Required work:
The answer is a single number: the count of lines in the records below that contain the word "Jeans".

Data to process below:

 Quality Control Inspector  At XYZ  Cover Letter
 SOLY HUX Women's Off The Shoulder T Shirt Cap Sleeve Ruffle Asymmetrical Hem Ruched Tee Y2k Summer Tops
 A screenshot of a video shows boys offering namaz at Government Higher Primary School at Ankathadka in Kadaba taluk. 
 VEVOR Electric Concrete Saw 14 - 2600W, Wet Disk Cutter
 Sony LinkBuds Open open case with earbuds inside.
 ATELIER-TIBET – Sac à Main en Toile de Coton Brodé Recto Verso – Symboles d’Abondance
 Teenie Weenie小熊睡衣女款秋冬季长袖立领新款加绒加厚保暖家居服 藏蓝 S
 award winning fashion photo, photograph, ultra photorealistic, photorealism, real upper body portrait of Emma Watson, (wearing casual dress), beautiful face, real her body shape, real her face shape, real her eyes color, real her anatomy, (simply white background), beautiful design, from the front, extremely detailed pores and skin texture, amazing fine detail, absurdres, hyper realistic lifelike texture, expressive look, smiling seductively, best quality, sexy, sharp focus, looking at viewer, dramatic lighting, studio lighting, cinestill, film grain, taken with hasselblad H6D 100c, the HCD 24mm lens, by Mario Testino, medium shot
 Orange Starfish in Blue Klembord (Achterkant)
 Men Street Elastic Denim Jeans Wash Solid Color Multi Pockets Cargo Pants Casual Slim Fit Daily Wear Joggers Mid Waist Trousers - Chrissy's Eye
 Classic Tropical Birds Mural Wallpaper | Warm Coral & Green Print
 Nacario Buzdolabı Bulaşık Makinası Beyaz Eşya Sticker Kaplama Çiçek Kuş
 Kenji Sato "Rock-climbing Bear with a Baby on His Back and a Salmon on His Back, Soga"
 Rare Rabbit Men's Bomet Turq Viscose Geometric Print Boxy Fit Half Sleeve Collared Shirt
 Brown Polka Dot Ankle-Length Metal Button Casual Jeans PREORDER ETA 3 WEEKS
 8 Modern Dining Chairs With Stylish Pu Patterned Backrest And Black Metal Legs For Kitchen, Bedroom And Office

End of Data to process.

Task response:
2